Palmitic and stearic acids similarly affect plasma lipoprotein metabolism in cynomolgus monkeys fed diets with adequate levels of linoleic acid

This study was designed to evaluate whether the exchange of specific saturated fatty acids [SFA; palmitic acid (16:0) for stearic acid (18:0)] would differentially affect plasma lipids and lipoproteins, when diets contained the currently recommended levels of total SFA, monounsaturated fatty acids and polyunsaturated fatty acids (PUFA). Ten male cynomolgus monkeys were fed one of two purified diets (using a cross-over design) enriched either in 16:0 (palmitic acid diet) or 18:0 (stearic acid diet). Both diets provided 30% of energy as fat (SFA/monounsaturated fatty acid/PUFA: 1/1/1). The palmitic acid and stearic acid diets were based on palm oil or cocoa butter (59% and 50% of the total fat, respectively). By adding different amounts of sunflower, safflower and olive oils, an effective exchange of 16:0 for 18:0 of approximately 5% of energy was achieved with all other fatty acids being held constant.
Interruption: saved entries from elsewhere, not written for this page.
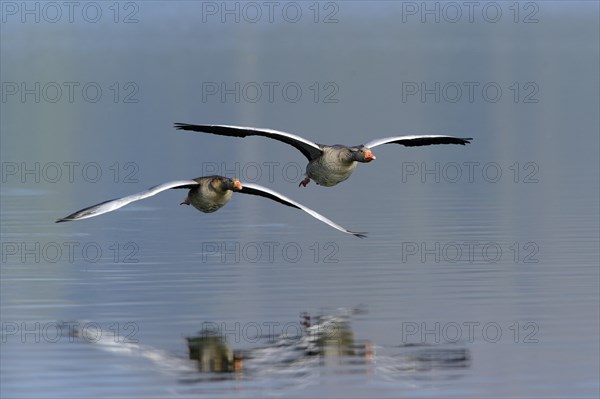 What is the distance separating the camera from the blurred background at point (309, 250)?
3167cm

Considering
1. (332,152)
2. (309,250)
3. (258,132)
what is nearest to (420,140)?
(332,152)

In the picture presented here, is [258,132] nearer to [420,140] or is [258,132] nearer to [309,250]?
[420,140]

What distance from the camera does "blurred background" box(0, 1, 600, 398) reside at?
31672mm

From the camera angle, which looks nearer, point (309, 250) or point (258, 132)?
point (258, 132)

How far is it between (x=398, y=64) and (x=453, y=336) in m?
101

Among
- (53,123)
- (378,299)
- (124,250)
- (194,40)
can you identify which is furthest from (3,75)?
(378,299)

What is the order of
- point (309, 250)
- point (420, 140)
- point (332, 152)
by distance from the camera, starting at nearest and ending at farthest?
1. point (332, 152)
2. point (420, 140)
3. point (309, 250)

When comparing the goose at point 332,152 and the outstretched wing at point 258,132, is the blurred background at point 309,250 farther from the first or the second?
the outstretched wing at point 258,132

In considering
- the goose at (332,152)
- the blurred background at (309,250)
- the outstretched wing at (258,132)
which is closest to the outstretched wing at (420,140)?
the goose at (332,152)

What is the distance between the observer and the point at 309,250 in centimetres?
4500

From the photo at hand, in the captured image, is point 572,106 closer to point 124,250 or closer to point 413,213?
point 413,213

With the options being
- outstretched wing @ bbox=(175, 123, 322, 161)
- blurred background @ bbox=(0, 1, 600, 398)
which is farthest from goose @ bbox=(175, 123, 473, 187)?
blurred background @ bbox=(0, 1, 600, 398)

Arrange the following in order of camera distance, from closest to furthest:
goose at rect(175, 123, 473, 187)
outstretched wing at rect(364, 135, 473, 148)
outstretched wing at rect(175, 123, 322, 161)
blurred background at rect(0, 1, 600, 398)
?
blurred background at rect(0, 1, 600, 398) < outstretched wing at rect(175, 123, 322, 161) < goose at rect(175, 123, 473, 187) < outstretched wing at rect(364, 135, 473, 148)

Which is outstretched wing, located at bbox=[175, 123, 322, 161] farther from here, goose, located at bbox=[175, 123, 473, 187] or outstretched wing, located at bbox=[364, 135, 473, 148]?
outstretched wing, located at bbox=[364, 135, 473, 148] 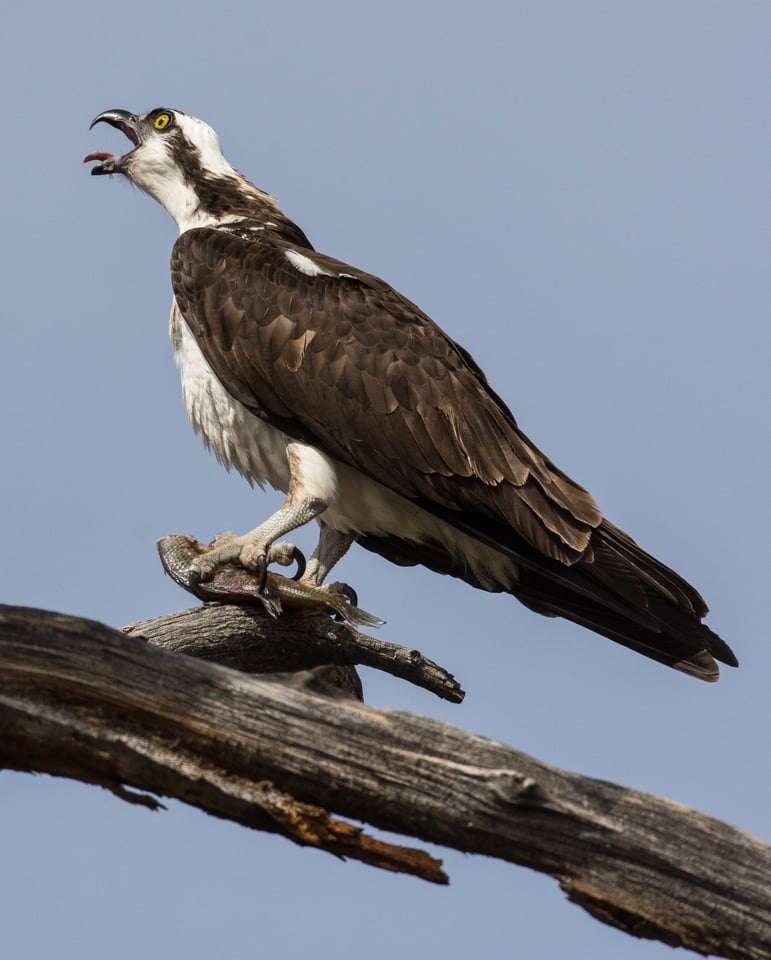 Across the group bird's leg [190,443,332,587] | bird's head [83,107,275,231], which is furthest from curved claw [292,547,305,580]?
bird's head [83,107,275,231]

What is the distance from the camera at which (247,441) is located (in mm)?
7094

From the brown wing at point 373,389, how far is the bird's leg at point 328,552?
740mm

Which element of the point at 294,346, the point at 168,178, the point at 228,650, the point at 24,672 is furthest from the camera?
the point at 168,178

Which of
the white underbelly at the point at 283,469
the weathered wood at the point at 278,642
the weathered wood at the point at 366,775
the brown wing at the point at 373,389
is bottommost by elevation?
the weathered wood at the point at 366,775

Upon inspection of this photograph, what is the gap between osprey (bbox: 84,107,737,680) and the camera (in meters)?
6.59

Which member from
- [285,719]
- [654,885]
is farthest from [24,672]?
[654,885]

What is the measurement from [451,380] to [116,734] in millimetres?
3188

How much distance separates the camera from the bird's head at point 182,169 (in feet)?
25.6

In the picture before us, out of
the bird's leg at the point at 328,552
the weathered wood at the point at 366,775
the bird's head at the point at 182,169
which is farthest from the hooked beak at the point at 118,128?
the weathered wood at the point at 366,775

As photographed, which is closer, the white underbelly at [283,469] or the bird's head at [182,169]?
the white underbelly at [283,469]

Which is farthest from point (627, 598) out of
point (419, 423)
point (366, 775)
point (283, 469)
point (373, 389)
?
point (366, 775)

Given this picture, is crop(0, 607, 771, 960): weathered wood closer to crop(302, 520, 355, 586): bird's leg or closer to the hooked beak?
crop(302, 520, 355, 586): bird's leg

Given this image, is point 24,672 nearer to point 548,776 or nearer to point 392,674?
point 548,776

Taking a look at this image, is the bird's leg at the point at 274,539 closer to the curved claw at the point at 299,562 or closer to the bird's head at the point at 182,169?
the curved claw at the point at 299,562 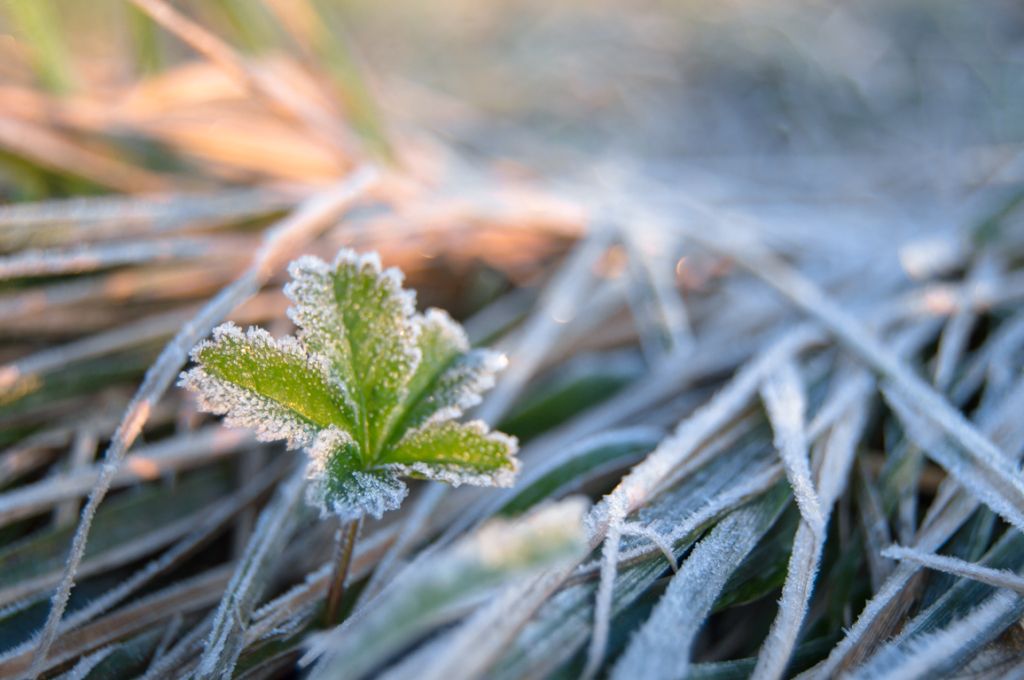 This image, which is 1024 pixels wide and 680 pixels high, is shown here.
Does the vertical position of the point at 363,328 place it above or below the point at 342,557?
above

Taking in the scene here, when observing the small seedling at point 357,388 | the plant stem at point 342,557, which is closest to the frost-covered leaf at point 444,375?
the small seedling at point 357,388

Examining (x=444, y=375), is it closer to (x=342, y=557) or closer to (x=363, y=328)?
(x=363, y=328)

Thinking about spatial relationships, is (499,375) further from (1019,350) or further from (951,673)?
(1019,350)

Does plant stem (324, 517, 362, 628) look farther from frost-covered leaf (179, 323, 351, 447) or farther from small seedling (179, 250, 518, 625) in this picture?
frost-covered leaf (179, 323, 351, 447)

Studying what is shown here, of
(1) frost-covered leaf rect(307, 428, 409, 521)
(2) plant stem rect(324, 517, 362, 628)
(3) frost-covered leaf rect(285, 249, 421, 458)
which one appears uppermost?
(3) frost-covered leaf rect(285, 249, 421, 458)

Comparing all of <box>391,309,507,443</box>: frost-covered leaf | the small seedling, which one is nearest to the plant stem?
the small seedling

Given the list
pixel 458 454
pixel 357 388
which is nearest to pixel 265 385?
pixel 357 388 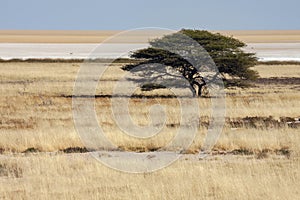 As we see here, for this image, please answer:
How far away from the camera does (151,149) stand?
17.0 meters

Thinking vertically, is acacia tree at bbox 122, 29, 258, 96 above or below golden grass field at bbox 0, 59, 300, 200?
above

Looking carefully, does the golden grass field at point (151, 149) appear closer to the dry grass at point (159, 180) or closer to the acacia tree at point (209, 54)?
the dry grass at point (159, 180)

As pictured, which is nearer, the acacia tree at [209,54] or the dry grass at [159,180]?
the dry grass at [159,180]

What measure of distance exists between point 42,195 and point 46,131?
25.9 ft

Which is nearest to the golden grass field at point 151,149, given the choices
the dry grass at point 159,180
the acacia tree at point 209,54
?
the dry grass at point 159,180

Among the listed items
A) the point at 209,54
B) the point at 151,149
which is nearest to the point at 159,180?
the point at 151,149

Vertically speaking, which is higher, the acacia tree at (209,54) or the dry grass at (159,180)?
the acacia tree at (209,54)

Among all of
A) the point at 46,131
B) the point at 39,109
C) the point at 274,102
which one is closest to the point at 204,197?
the point at 46,131

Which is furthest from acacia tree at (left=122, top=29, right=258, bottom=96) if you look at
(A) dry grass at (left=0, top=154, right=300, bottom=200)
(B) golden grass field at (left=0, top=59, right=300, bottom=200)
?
(A) dry grass at (left=0, top=154, right=300, bottom=200)

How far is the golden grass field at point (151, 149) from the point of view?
38.4 ft

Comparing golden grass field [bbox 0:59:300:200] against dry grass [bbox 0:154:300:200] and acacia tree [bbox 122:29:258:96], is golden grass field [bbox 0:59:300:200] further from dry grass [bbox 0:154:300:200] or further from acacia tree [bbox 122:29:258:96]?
acacia tree [bbox 122:29:258:96]

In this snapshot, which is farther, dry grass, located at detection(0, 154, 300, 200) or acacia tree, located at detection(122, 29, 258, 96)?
acacia tree, located at detection(122, 29, 258, 96)

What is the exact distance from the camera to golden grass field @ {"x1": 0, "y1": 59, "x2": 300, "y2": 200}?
461 inches

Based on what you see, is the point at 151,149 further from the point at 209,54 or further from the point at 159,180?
the point at 209,54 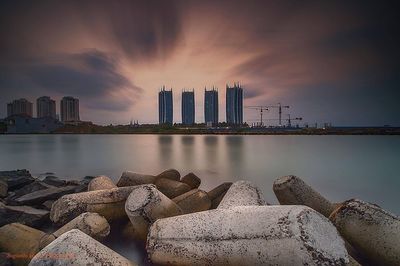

Monkeys were rotated through two 10-wk feeding periods, during which time plasma lipids and in vivo lipoprotein metabolism (following the simultaneous injection of (131)I-LDL and (125)I- HDL were evaluated). Plasma triacyglycerol (0.40 +/- 0.03 vs. 0.37 +/- 0.03 mmol/L), plasma total cholesterol (3.59 +/- 0.18 vs. 3.39 +/- 0.23 mmol/L), HDL cholesterol (1.60 +/- 0.16 vs 1.53 +/- 0.16 mmol/L) and non-HDL cholesterol (2.02 +/- 0.26 vs. 1.86 +/- 0.23 mmol/L) concentrations did not differ when monkeys consumed the palmitic acid and stearic acid diets, respectively. Plasma lipoprotein compositional analyses revealed a higher cholesteryl ester content in the VLDL fraction isolated after consumption of the stearic acid diet (P < 0.10), as well as a larger VLDL particle diameter (16.3 +/- 1.7 nm vs. 13.8 +/- 3.6 nm; P < 0.05). Kinetic analyses revealed no significant differences in LDL or HDL transport parameters. These data suggest that when incorporated into diets following current guidelines, containing adequate PUFA, an exchange of 16:0 for 18:0, representing approximately 11 g/(d.10.46 mJ) [ approximately 11 g/(d.2500 kcal)] does not affect the plasma lipid profile and has minor effects on lipoprotein composition. Whether a similar effect would occur in humans under comparable dietary conditions remains to be established.